# German Red Peacock or a Ruby Red?



## lotsofish (Feb 28, 2008)

How can you tell the difference between a German Red Peacock and a Ruby Red?

Here is a picture of my guy, which do you think he is?


----------



## crime (Mar 22, 2008)

I would have to guess ruby red. German reds have more over all red color as to ruby reds which have less red (filled with blue specks). I also have a ruby red, but it's red does not compare to yours. Nice fish by the way.


----------



## eyezak (Feb 22, 2008)

I believe the difference between a Ruby Red and a German Red is that the Ruby Red has less of a blue face where as the German Red has a solid blue face without any red on the forhead or face.


----------



## Joea (May 25, 2004)

There is no difference.

Although the theory is that the Ruby Red (Rubescens or Rubin) was supposedly line bred from the Maleri Island race of _Aulonocara _sp. ''Stuartgranti Maleri" and the German Red was supposedly line-bred from the Chipoka race of _Aulonocara _sp. ''Stuartgranti Maleri", the theory has never actually been proven.

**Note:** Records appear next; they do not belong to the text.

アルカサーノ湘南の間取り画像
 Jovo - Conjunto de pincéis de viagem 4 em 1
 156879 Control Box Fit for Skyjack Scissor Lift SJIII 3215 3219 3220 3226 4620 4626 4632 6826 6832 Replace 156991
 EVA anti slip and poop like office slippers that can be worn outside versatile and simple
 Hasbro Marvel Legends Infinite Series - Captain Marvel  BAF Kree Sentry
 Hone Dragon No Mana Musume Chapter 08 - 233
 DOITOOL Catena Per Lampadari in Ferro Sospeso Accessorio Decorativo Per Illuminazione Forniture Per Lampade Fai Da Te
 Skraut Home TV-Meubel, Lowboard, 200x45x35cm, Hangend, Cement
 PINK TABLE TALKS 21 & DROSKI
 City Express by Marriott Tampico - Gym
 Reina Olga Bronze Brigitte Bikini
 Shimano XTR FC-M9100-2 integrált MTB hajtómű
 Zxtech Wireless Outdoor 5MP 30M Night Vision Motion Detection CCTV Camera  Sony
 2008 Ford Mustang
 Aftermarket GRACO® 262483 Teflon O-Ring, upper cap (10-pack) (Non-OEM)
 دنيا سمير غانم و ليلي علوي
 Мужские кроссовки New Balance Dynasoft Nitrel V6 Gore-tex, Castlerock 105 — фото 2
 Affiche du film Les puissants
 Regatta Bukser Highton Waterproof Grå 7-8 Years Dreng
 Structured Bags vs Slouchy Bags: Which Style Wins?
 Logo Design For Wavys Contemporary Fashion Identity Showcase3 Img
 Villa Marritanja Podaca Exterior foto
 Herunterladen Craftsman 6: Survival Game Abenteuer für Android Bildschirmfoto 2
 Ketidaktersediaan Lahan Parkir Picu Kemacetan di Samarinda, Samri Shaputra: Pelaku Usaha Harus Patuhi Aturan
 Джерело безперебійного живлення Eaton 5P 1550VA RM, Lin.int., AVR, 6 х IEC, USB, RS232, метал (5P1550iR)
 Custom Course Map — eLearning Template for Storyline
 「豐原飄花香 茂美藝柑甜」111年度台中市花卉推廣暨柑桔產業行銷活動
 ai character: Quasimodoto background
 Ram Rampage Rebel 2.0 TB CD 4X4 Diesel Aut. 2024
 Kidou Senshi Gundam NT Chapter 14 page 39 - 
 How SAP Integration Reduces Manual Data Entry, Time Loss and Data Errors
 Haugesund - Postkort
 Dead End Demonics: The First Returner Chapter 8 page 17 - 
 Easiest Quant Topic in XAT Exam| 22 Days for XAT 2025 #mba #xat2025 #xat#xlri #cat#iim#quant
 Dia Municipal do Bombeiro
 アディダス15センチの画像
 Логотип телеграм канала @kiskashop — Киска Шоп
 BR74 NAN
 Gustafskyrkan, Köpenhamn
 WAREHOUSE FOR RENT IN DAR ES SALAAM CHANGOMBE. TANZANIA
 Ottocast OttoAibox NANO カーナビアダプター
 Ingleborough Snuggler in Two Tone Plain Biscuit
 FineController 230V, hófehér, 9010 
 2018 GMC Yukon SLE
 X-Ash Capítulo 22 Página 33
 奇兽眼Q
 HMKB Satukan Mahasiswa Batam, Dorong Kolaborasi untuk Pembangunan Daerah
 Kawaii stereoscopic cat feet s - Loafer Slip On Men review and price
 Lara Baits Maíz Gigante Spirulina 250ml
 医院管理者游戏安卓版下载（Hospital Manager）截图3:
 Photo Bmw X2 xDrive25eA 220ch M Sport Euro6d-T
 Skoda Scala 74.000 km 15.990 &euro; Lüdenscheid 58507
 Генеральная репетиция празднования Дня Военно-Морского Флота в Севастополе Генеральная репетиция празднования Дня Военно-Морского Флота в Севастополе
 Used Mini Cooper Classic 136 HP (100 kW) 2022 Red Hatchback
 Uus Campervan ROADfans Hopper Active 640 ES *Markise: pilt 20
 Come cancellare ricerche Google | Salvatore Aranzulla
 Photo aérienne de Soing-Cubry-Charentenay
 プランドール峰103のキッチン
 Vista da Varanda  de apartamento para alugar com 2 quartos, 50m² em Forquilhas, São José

With the amount of confusion between the two variants, and the fact that the line bred specimens have no real distinguishable difference (amount of blue in the face or otherwise) it's best to consider them a _breed _of peacock and call them pretty much whatever you want. I simply choose the term "Red Peacock" since, as it's a specimen that doesn't occur naturally, it has no scientific name, so any trade name is suitable.


----------